§ **Problem description**:
A verbatim copy is needed of the lines below from the one containing "tanktop-women-racerback" up to and including the one containing "02kh_B6_ImagerDefaults_9.jpg", excluding pictures.

§ **Material to process**:
··········

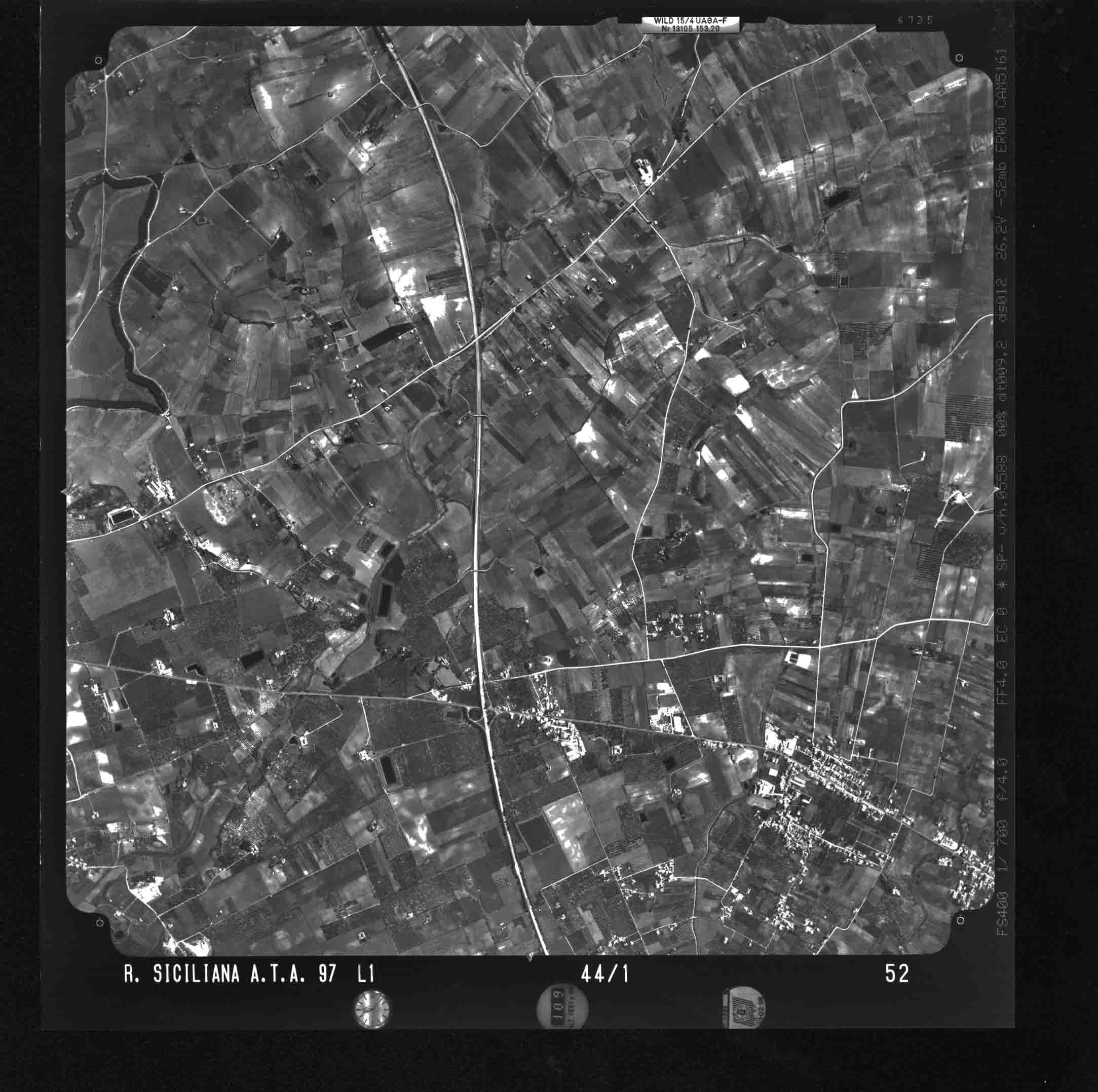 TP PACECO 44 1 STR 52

··········

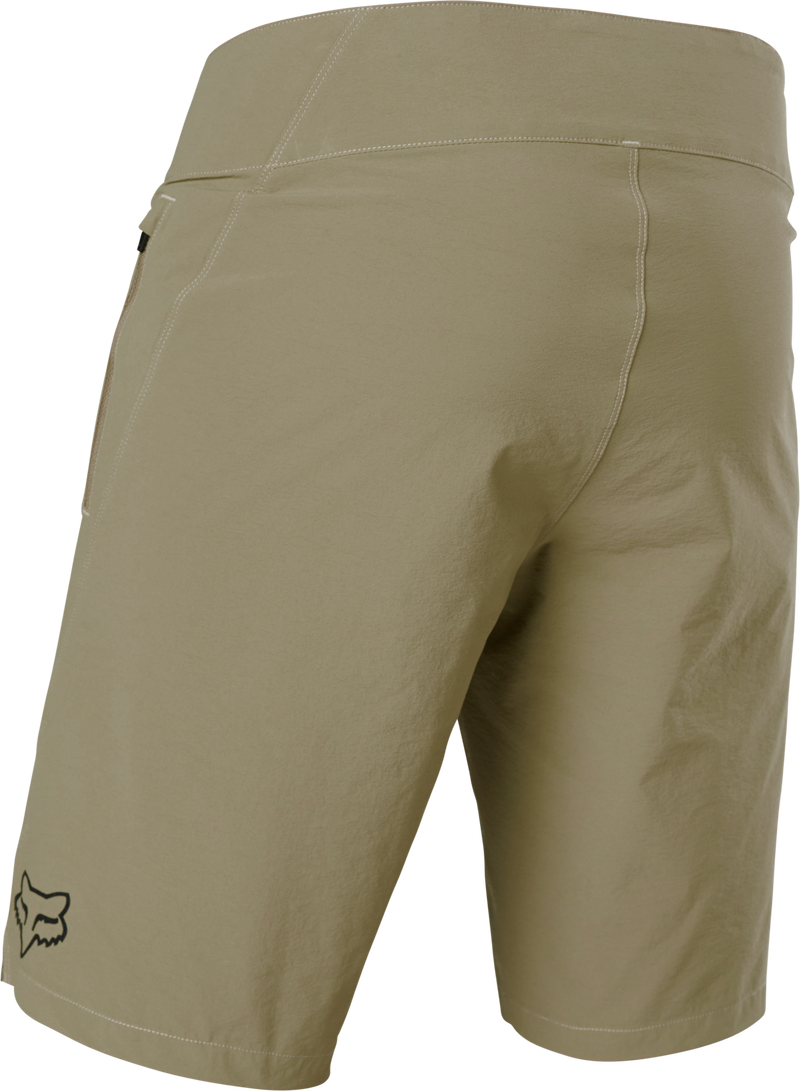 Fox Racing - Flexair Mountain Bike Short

··········

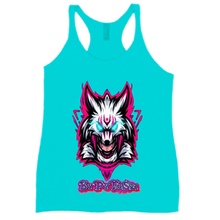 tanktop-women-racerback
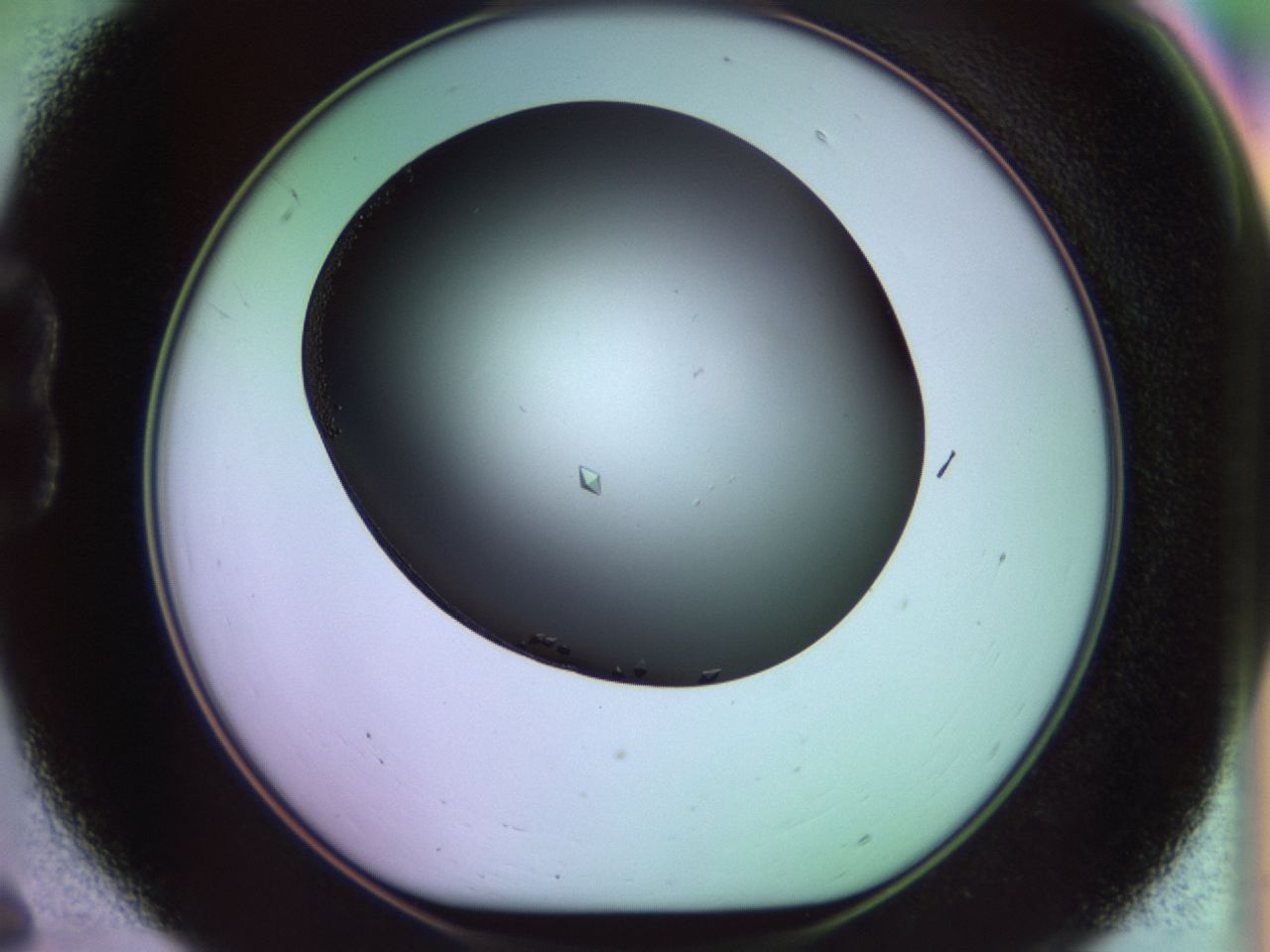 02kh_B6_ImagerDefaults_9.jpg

··········

§ **Answer section**:
 tanktop-women-racerback
 02kh_B6_ImagerDefaults_9.jpg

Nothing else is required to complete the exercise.